Historically, memory protection and privilege levels have been implemented in hardware: memory protection via base / limit registers, segments, or pages; and privilege levels via user / kernel mode bits or rings . Recent mobile code systems, however, rely on software rather than hardware for protection. The switch to software mechanisms is being driven by two needs: portability and performance.
The first argument for software protection is portability. A user-level software product like a browser must coexist with a variety of operating systems. For a Web browser to use hardware protection, the operating system would have to provide access to the page tables and system calls, but such mechanisms are not available universally across platforms. Software protection allows a browser to have platform-independent security mechanisms.
Second, software protection offers significantly cheaper cross-domain calls. To estimate the magnitude of the performance difference, we did two simple experiments. The results below should not be considered highly accurate, since they mix measurements from different architectures. However, the effect we are measuring is so large that these small inaccuracies do not affect our conclusions.
First, we measured the performance of a null call between Common Object Model (COM) objects on a 180 MHz PentiumPro PC running Windows NT 4.0. When the two objects are in different tasks, the call takes 230 sec; when the called object is in a dynamically linked library in the same task, the call takes only 0.2 sec -- a factor of 1000 difference. While COM is a very different system from Java, the performance disparity exhibited in COM would likely also appear if hardware protection were applied to Java. This ratio appears to be growing even larger in newer processors [36,1].
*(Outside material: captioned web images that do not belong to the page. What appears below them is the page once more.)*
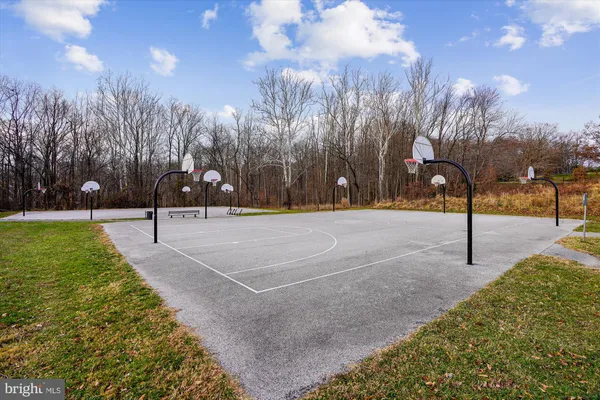 $474,900 | 8735 Birkenhead Court, Laurel, MD 20723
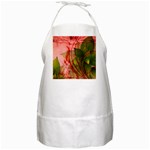 Design Art (design 14) BBQ Apron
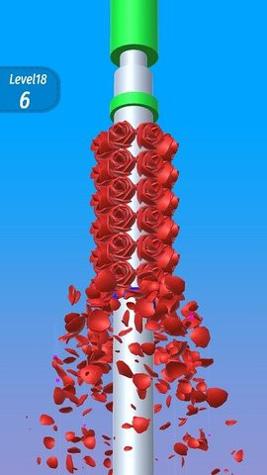 剥玉米大作战 v1.0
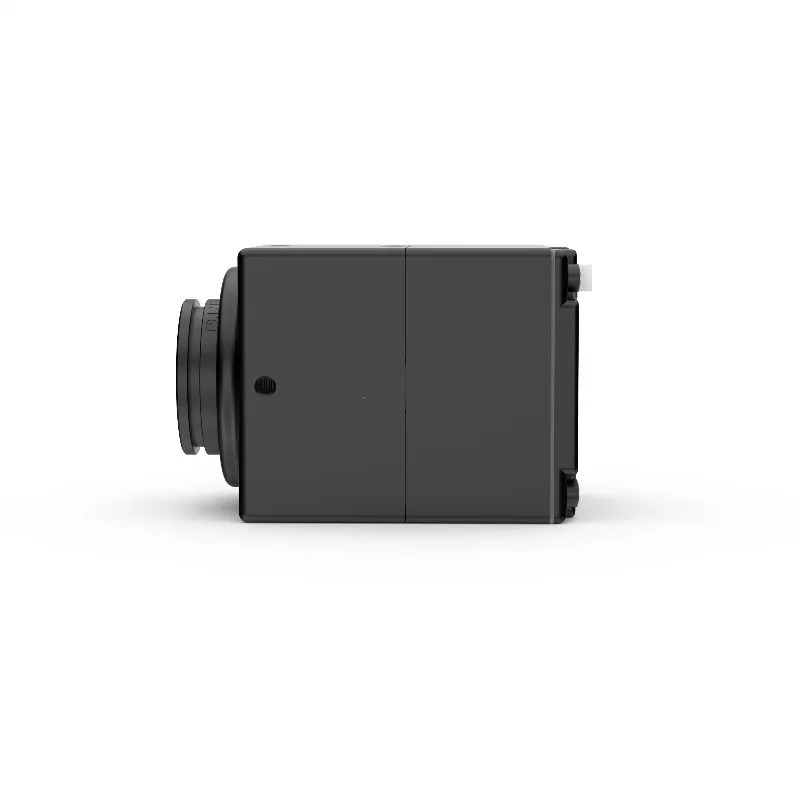 Good U03 640x512  Thermal Imag - Thermal Module 640X512 Core recension och pris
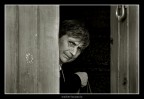 ... con permesso... ... con permesso...
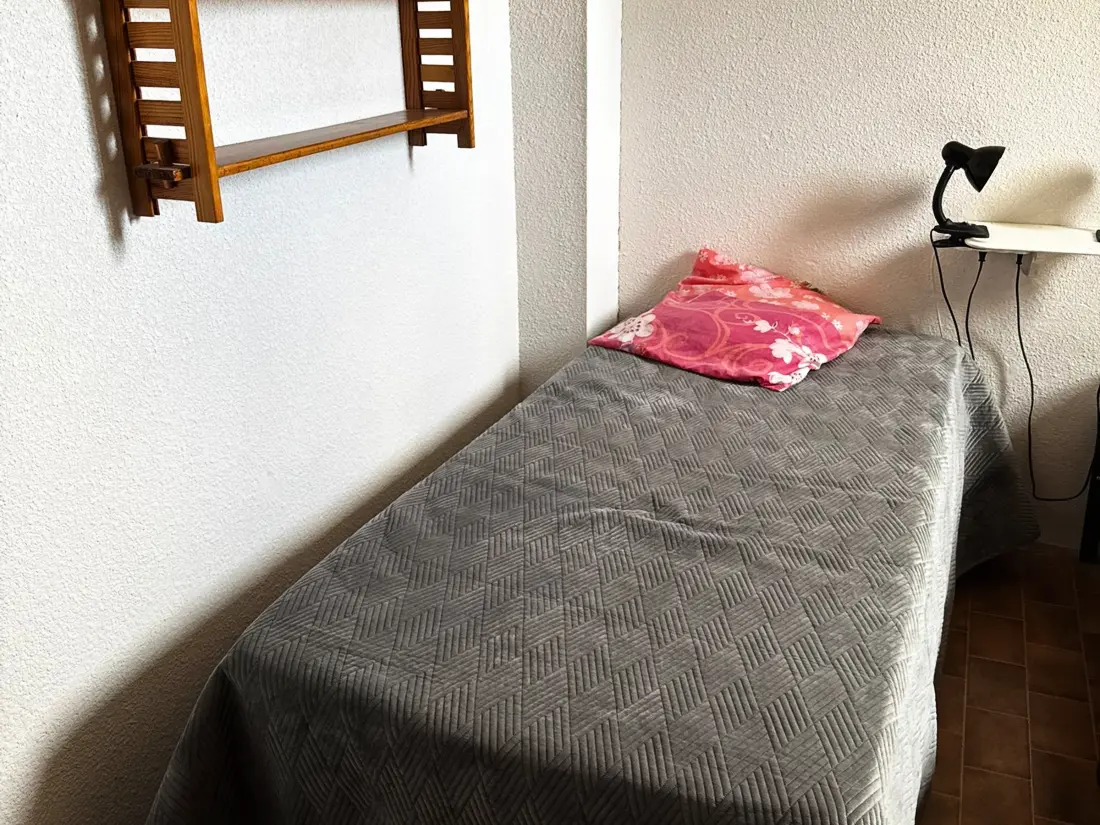 Maison de Vacances Argelès-sur-Mer 334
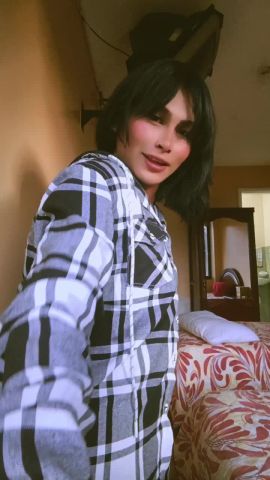 Estefania Gil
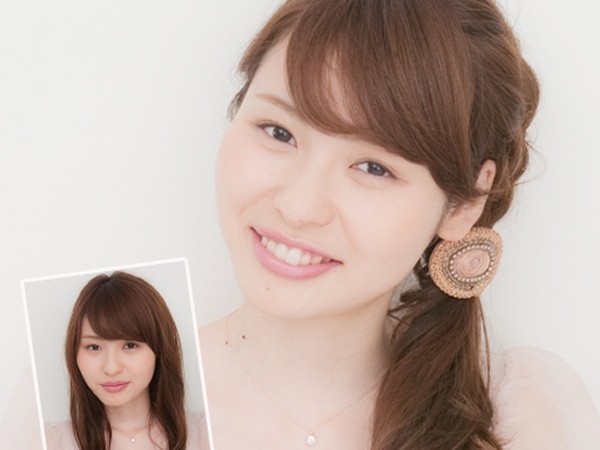 点击大图看下一张:韩式优雅麻花辫编发完成图。如果不再满足于简单编发的你,下面这款韩式编发可是非常合你口味。看似复杂,但是非常容易上手,侧编麻花辫+扭纹辫的结合,营造韩式的优雅发型。大家快来试一下吧。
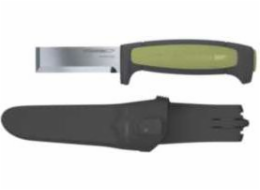 Nůž - dláto MORAKNIV 75x3,1mm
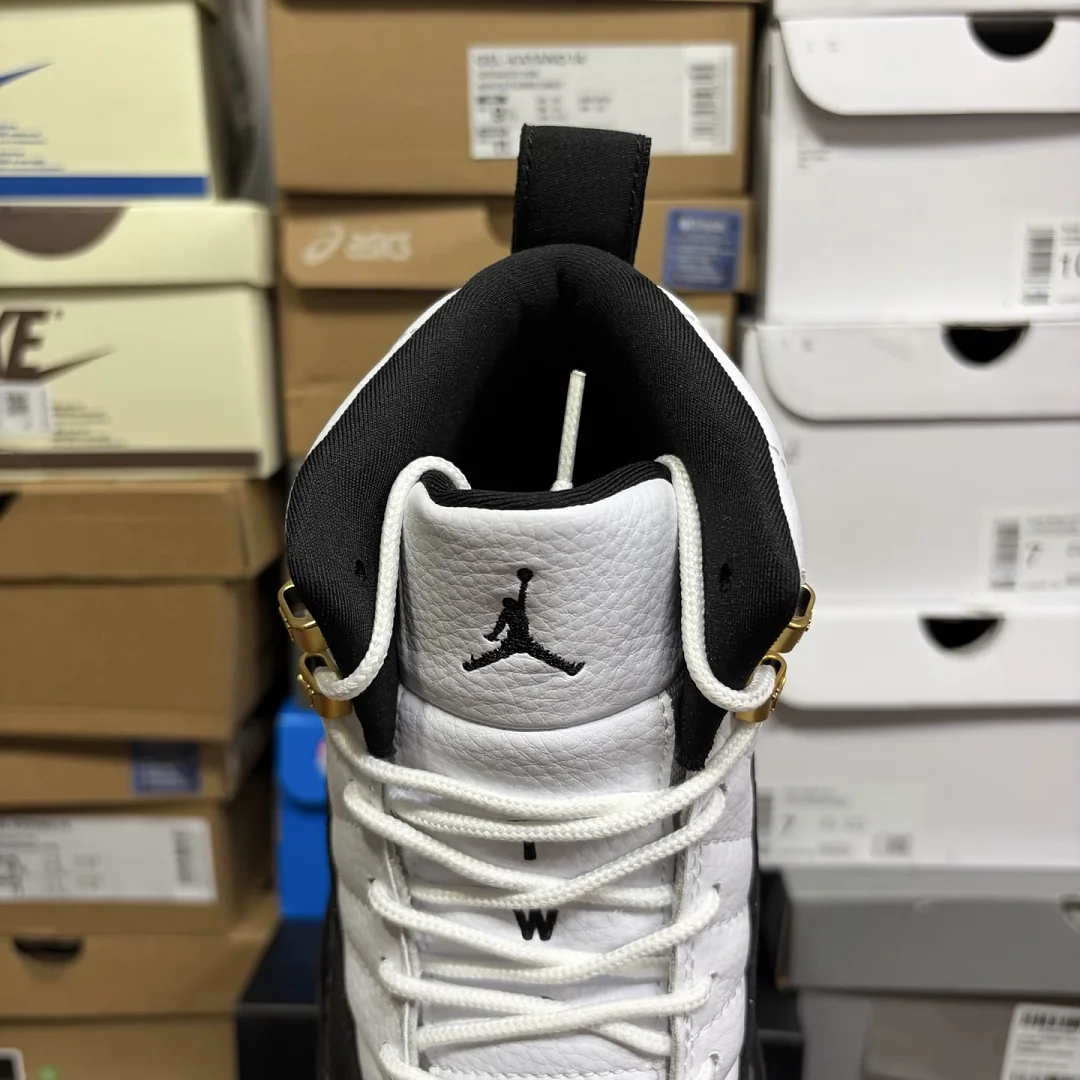 나이키 [EG] CT8013-117 201485 Nike Taxi 상세 이미지 10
The time difference would be acceptable if cross-domain calls were very rare. But modern software structures, especially in mobile code systems, are leading to tighter binding between domains.
To illustrate this fact, we then instrumented the Sun Java Virtual Machine (JVM) (JDK 1.0.2 interpreter running on a 167 MHz UltraSparc) to measure the number of calls across trust boundaries, that is, the number of procedure calls in which the caller is either more trusted or less trusted than the callee. We measured two workloads. CaffeineMark is a widely used Java performance benchmark, and SunExamples is the sum over 29 of the 35 programs on Sun's sample Java programs page . (Some of Sun's programs run forever; we cut these off after 30 seconds.) Note that our measurements almost certainly underestimate the rate of boundary crossings that would be seen on a more current JVM implementation that used a just-in-time (JIT) compiler to execute much more quickly. Figure 1 shows the results. Both workloads show roughly 30000 boundary crossings per CPU-second. Using our measured cost of 0.2 sec for a local COM call, we estimate that these programs spend roughly 0.5% of their time crossing trust boundaries in the Java system with software protection (although the actual cost in Java may be significantly cheaper).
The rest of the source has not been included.